Cochran’s flamboyant style drew the famous through its doors to hear the C.C. Riders.
One of these stars, Jackie Gleason, who was filming his CBS show at the Miami Beach Convention Center, was reluctant to book local talent because hopefuls would clamor to get on his program and overwhelm producers with pleas.
Cochran was something else, though.
On “The Jackie Gleason Show,” Cochan introduced “Goin’ Back to Miami” to a national audience. Performances on other mid-1960s TV shows grew the song’s audience. A young Dan Aykroyd and John Belushi took notice and, as the Blues Brothers, introduced the song to an ’80s audience. Cochran and the C.C. Riders took over Vegas and opened for a commercially revived Presley.
Back in South Florida, Cochran also discovered a young bass player in Oakland Park who approached him looking to join the C.C. Riders in the early 1970s. “He made sounds on his instrument I had never heard before,” Cochran told the Herald in 2011 about Jaco Pastorius, the preternaturally gifted bassist who became one of the most distinctive musicians jazz has ever known. Pastorius would go on to back Joni Mitchell during her jazz phase in the late 1970s. Pastorius, who lived hard, was killed at 35 after a confrontation with a Wilton Manors bouncer in 1987.

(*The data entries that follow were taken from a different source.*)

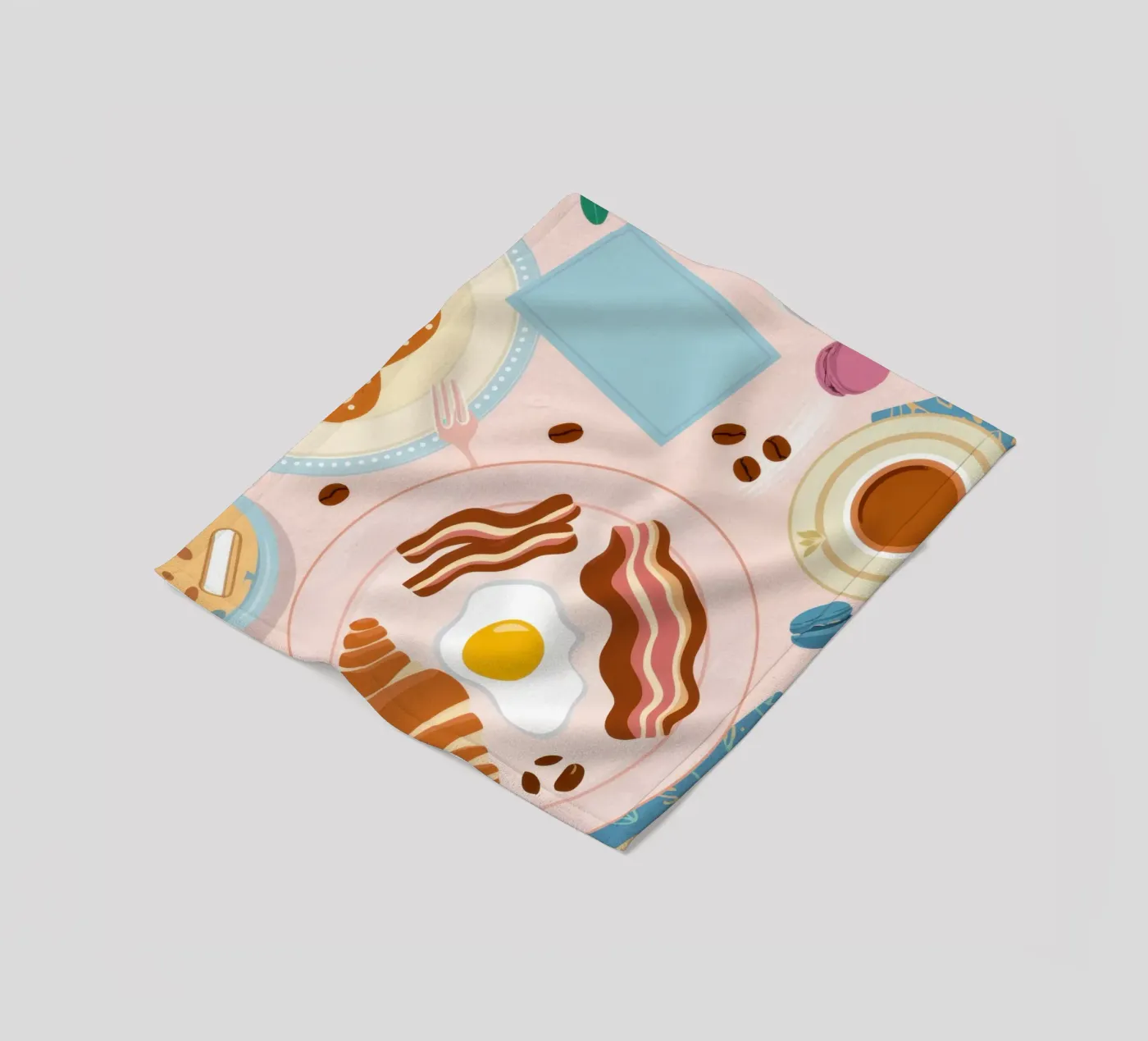 Ontbijttafel Flatlay fleecedeken van Gaia Viesta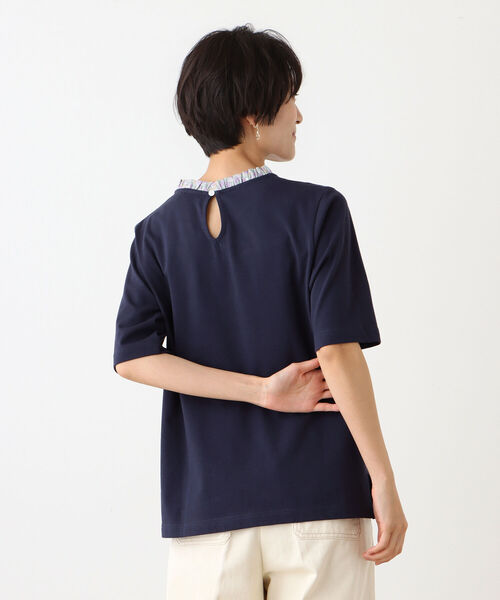 「Afternoon Tea」 半袖カットソー MEDIUM ネイビー レディース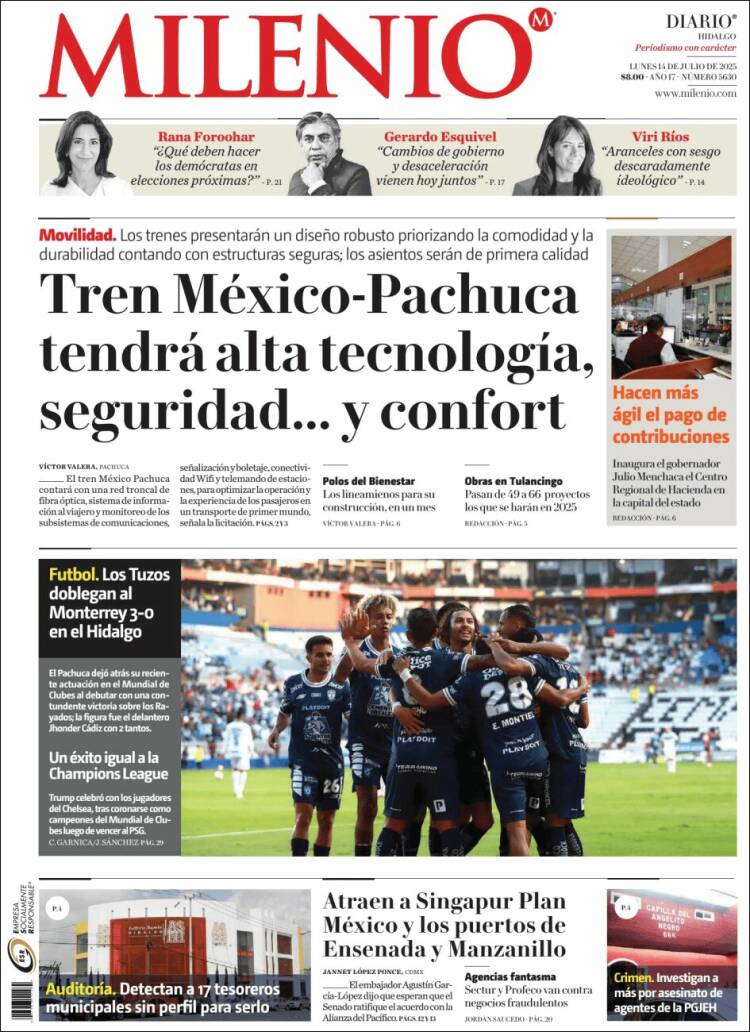 Portada de Milenio de Hidalgo (Mexico)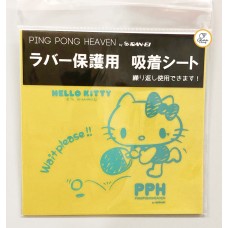 Hello Kitty 乒乓球 膠皮 保護貼 黃色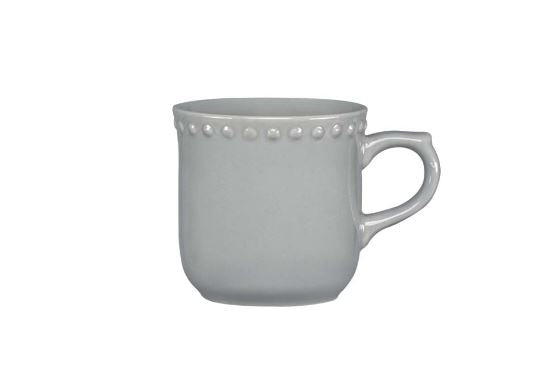 Taza 290 ml Emboss Mauve Gris Cns Caja 24 piezas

By then, the Rev. Cochran was clean for more than a decade and entrenched in his Miami Gardens-area church, which, at one point, spiritually adopted 800 families who were living in the Annie M. Coleman Gardens Housing Project in Liberty City.
“He was all about family,” his son Christopher, also a pastor, said. “Over the course of his 25-year career in the music industry he employed over 300 people with different members of the band and the people at his church. He always looked after people. He ran his building like a big family.”
A fellow pastor from the Good Shepherd Lutheran Church, where Cochran’s wife and children were baptized when they were born again, once said of Cochran, “He couldn’t be quiet about music, and he can’t be quiet about the Lord.”
Cochran, who saw himself as a teacher, could have it no other way. He spread his ministry nationwide through appearances over the years.
“I’m a hillbilly with a sixth-grade education. I’m a rock ’n’ roll singer,” Cochran told the Herald in 1983. “And yet, pastors will recognize the anointing and invite you in for four or five days to teach their flocks.”
Cochran’s survivors include his children Christopher Cochran and Cindy Warford, seven grandchildren and five great-grandchildren. He was predeceased by his daughter Diane and his wife Monica Cochran. Services are pending.